Sans Superellipse Soraz 7 is a very bold, normal width, medium contrast, upright, tall x-height font visually similar to 'American Diner' by Jonathan Macagba, 'Novaro' by Marvadesign, and 'FTY Konkrete' by The Fontry (names referenced only for comparison).
Keywords: headlines, posters, branding, signage, packaging, industrial, sporty, retro, assertive, compact, impact, modernize, bold branding, geometric uniformity, rounded corners, soft terminals, monoline, condensed feel, geometric.

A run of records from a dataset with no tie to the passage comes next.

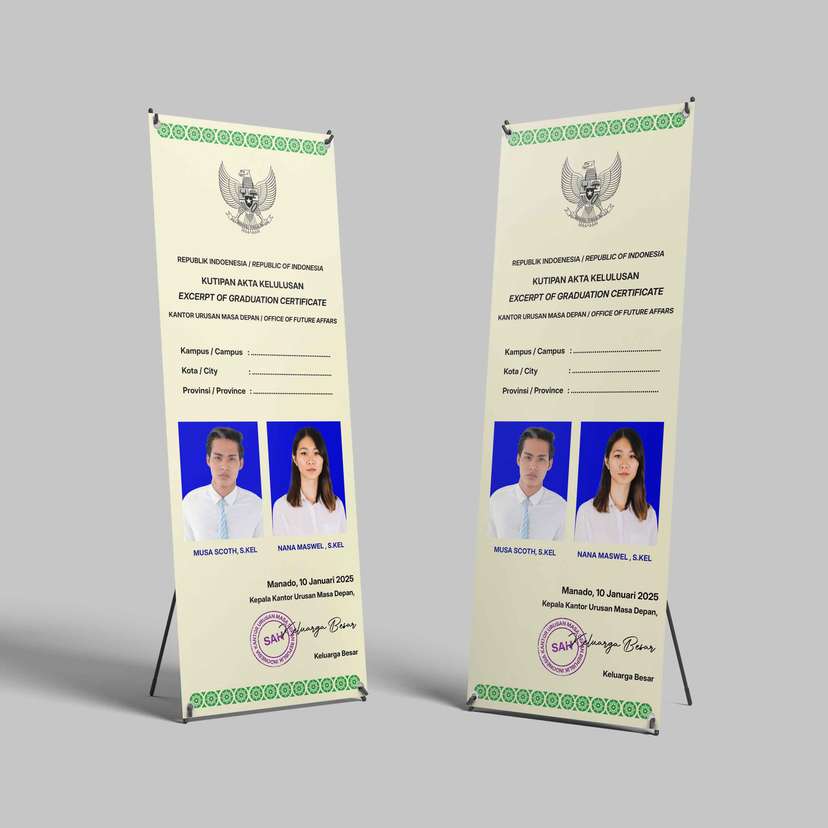 Standing X Banner Sidang/Wisuda - Akta Kelulusan Parodi - Image 1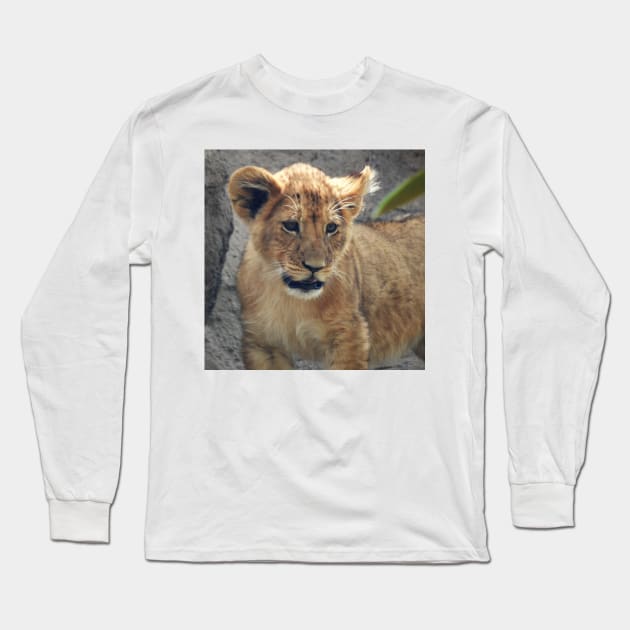 Lion Cub Long Sleeve T-Shirt by kirstybush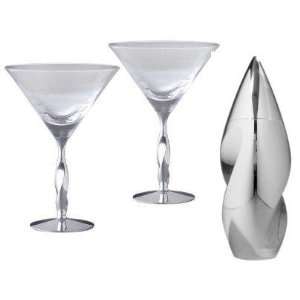  Nambe Twist 2 Martini Glasses & Shaker Set designed by 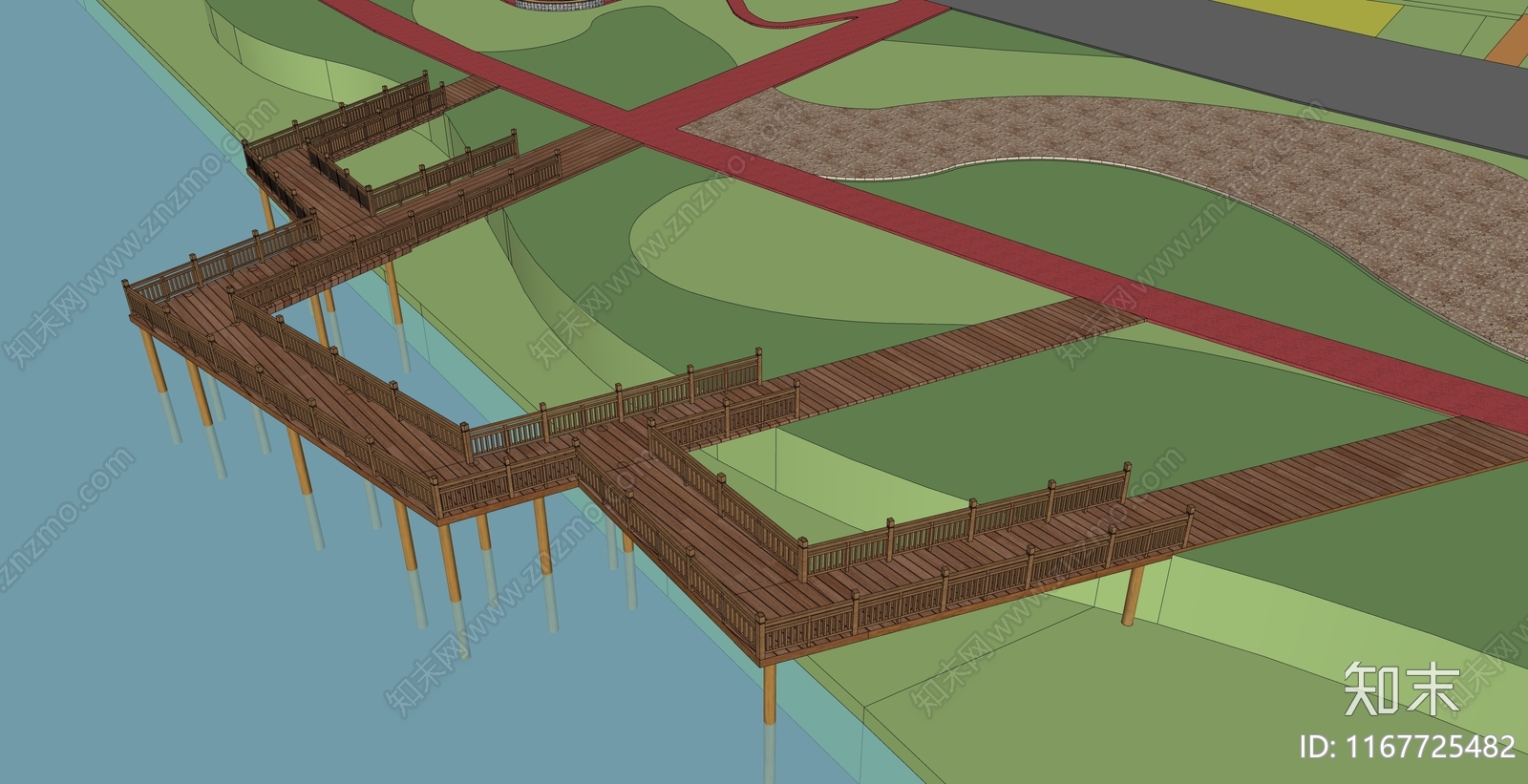 新中式滨水景观SU模型下载【ID:1167725482】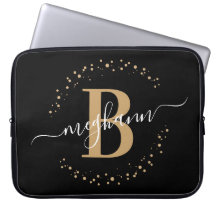 Script moderne simple Girl Black Gold Monogramme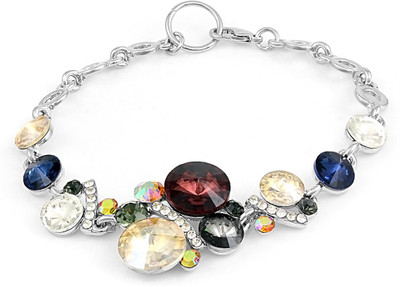 NAKABH Copper, Metal Crystal Silver Bracelet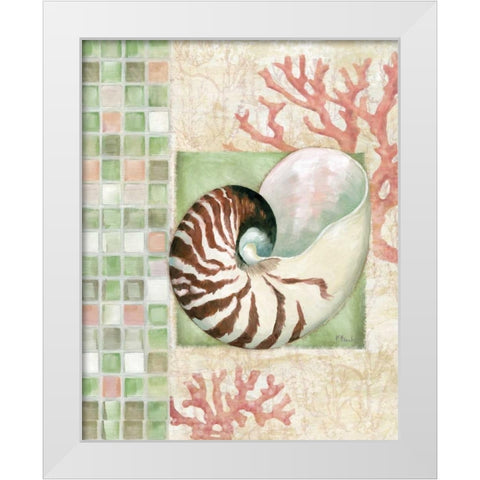 Mosaic Shell Collage I White Modern Wood Framed Art Print by Brent, Paul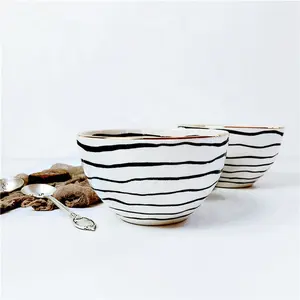 意大利金边不规则线条廉价意大利面碗现代陶瓷碗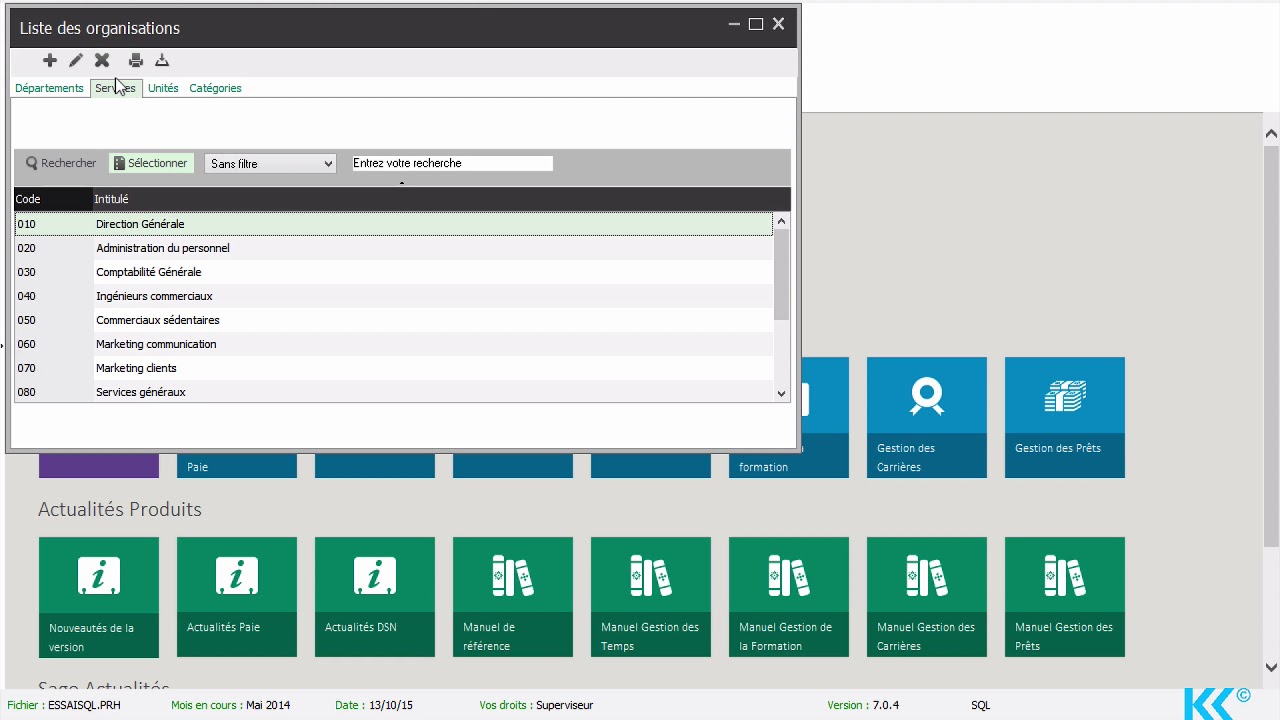 Tuto Sage Paie Les organisations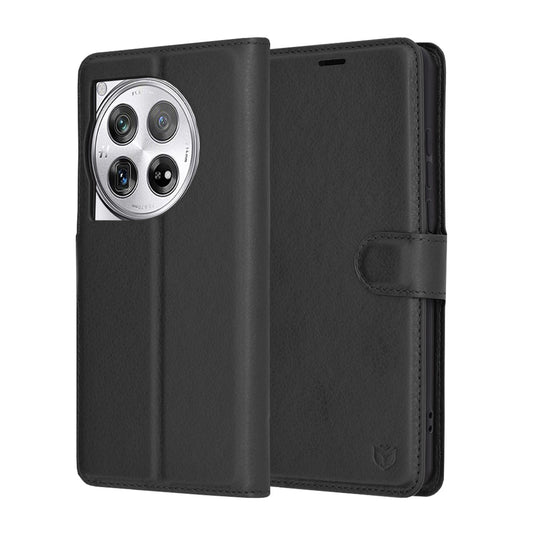 Coque pour OnePlus 12, Techsuit, Leather Folio, Noire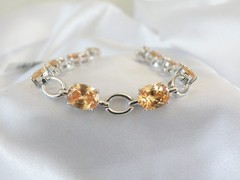 Vintage Sterling Silver 925 Gemstone Tennis Station Bracelet Fits 7″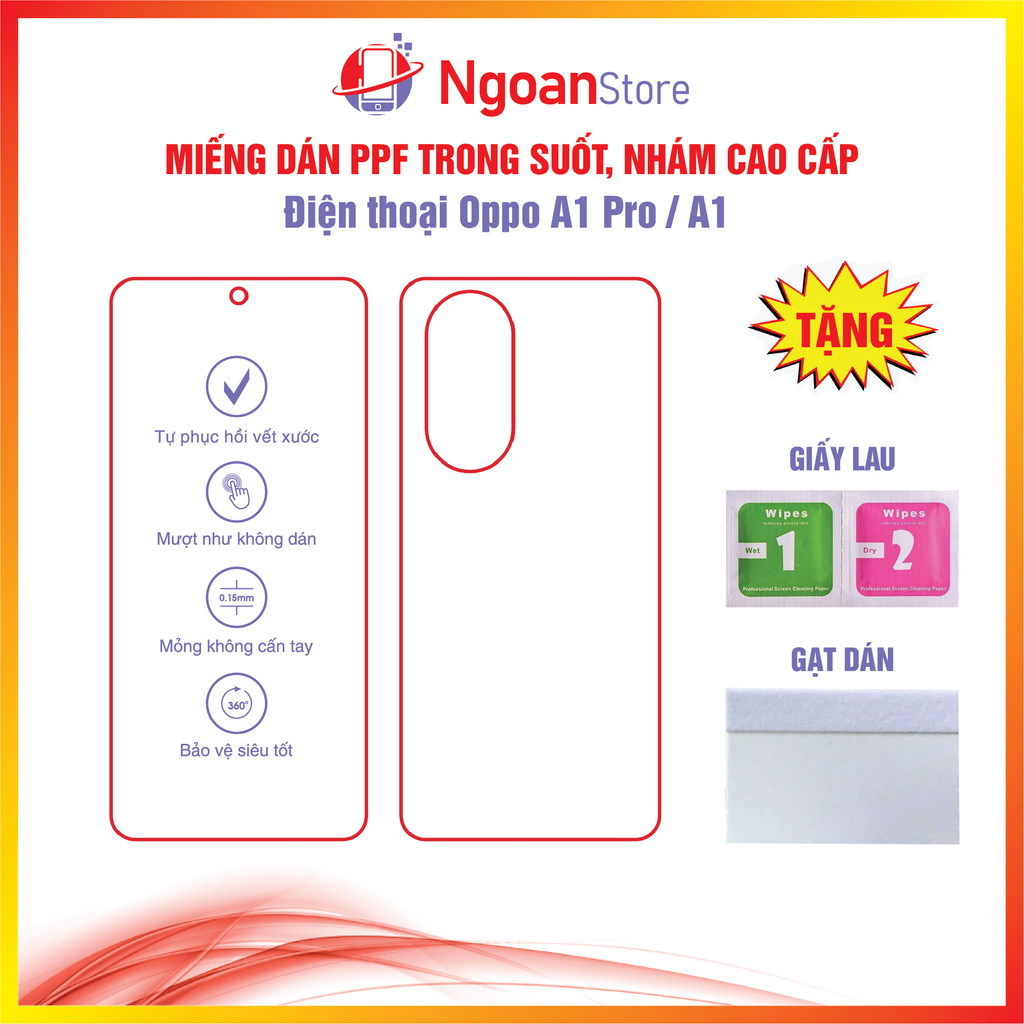 Miếng dán PPF cho Điện thoại Oppo A1 Pro / A1 - Ngoan Store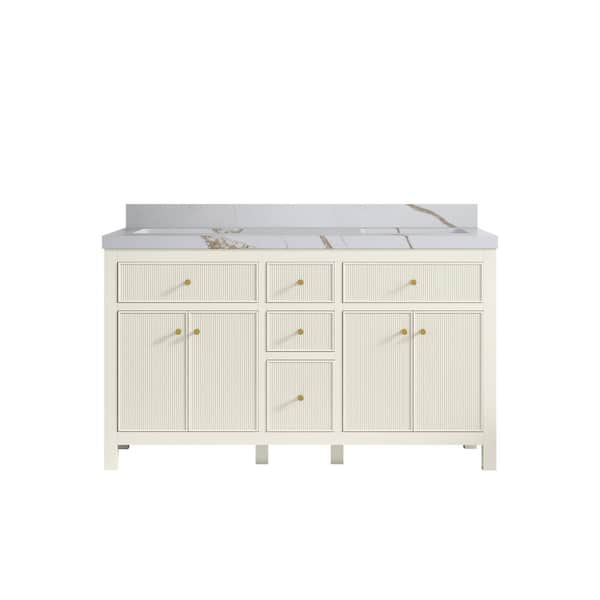 Willow Collections Sonoma 60 in. Double Sink Freestanding Alabaster Bath Vanity with Calacatta Gold Quartz Top Unassembled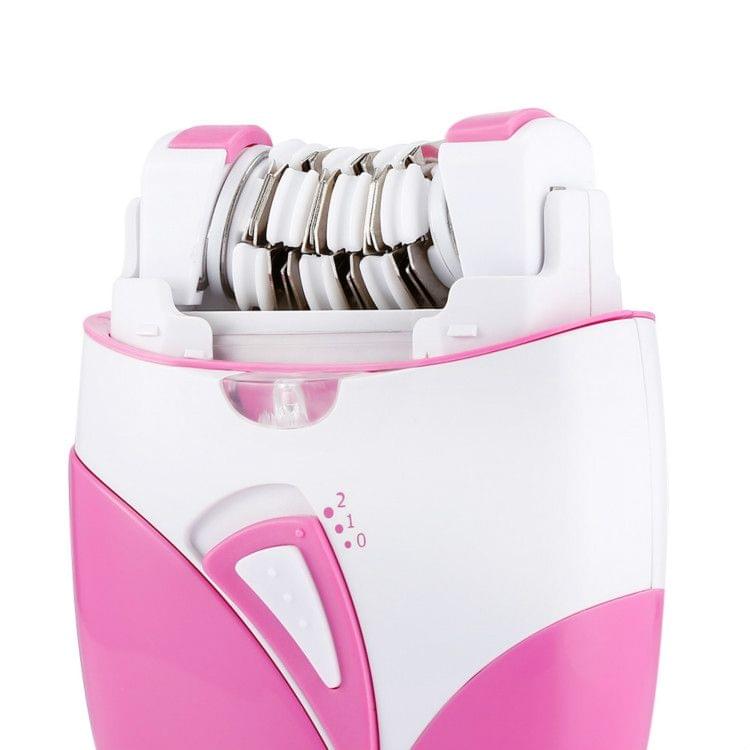 Kemei Rechargable USB Electric Epilator Woman Cordless Hair Removal Body Leg Shaving Apparatus Depilation Machine(Rose Red)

A heavy, monoline sans built from rounded-rectangle and superellipse geometry, with squared-off curves and consistently softened corners. Counters are tight and apertures are relatively closed, creating dense, blocky silhouettes that read as sturdy and compact. Curved letters like C, G, O, and S look more like rounded boxes than circles, while vertical strokes stay straight and even, giving a stable rhythm. The overall texture is dark and uniform, with minimal modulation and a strong emphasis on verticality.
Best suited to large sizes where its dense shapes and tight counters can deliver maximum impact—headlines, poster typography, logos/wordmarks, packaging fronts, and wayfinding. It can work in short blocks of copy for display, but its dark texture and closed forms suggest avoiding long passages at small sizes.
The tone is bold and utilitarian with a sporty, retro-industrial edge. Its rounded-square forms feel mechanical yet friendly, projecting confidence and impact rather than delicacy. The font reads like it was designed for signage and bold statements where presence matters.
The design appears intended to translate geometric, rounded-rectangle construction into a strong display voice that remains clean and modern. By keeping strokes uniform and corners consistently softened, it aims for high-impact legibility with a distinctive squared-round personality.
Many glyphs show a distinctive “pill” logic: straight sides with broad, rounded ends, and compact internal spaces. Numerals follow the same squared-round construction, helping mixed alphanumeric settings maintain a consistent, poster-like color on the page.